Bill Canihan Jr. founded the Canihan Family Cellars in 2006 on the organic farm his father had purchased 25 years prior. Bill Jr.’s grandfather, August, worked on vineyards in Switzerland in his youth. It was August’s love of winemaking that first inspired the family to purchase farmland and his focus on Old World, minimal intervention winemaking techniques which form the core of the Canihan Family Cellar’s winemaking philosophy today.
The Canihan vineyards are located in Sonoma, on the border of the Sonoma Coast and Carneros Appellations. The warm days and cool, breezy nights provide the perfect growing conditions for the Syrah, Pinot Noir, and Chardonnay grapes they have planted.
Canihan Family Cellars upholds organic vineyard management practices.

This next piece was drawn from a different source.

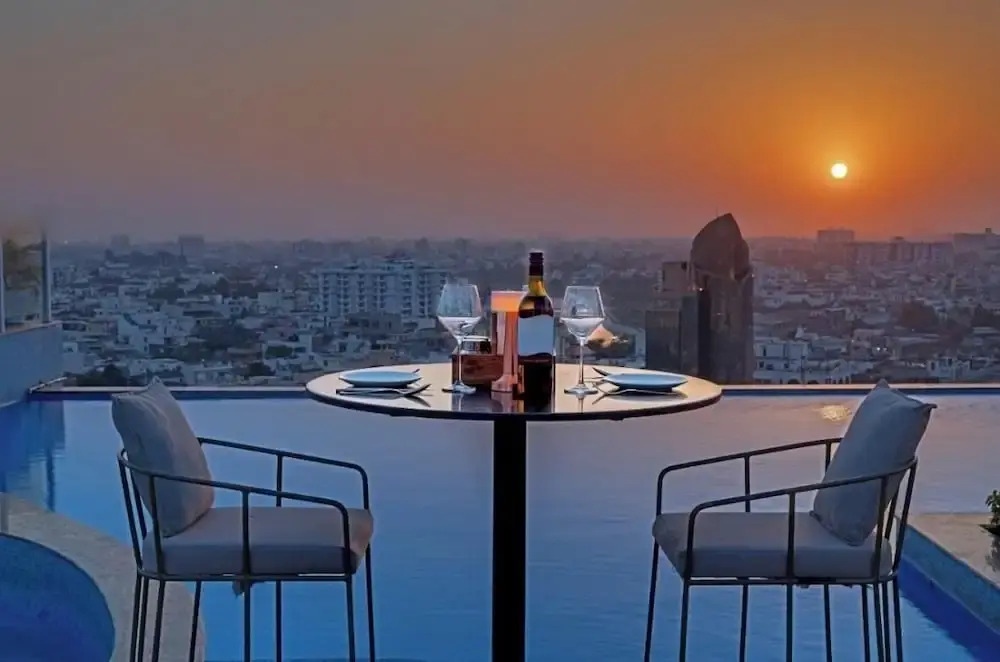Skyline luxury in pink city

They ferment their wines with naturally occurring yeast, utilize cane pruning techniques, and do not fine or filter their wines. They also practice dry farming and hand harvest their grapes, only when they have reached complete ripeness. These careful farming techniques result in flavorful wines, expressive of the region. When you utilize dry farming methods vines get their water from natural rainfall. This lack of irrigation encourages the roots to dig deeper in search of water, often up to 30 feet underground. Deeper roots interact with more microorganisms in the soil. They have access to more nutrients, support healthier vines and, in turn, create richer, more complex wines.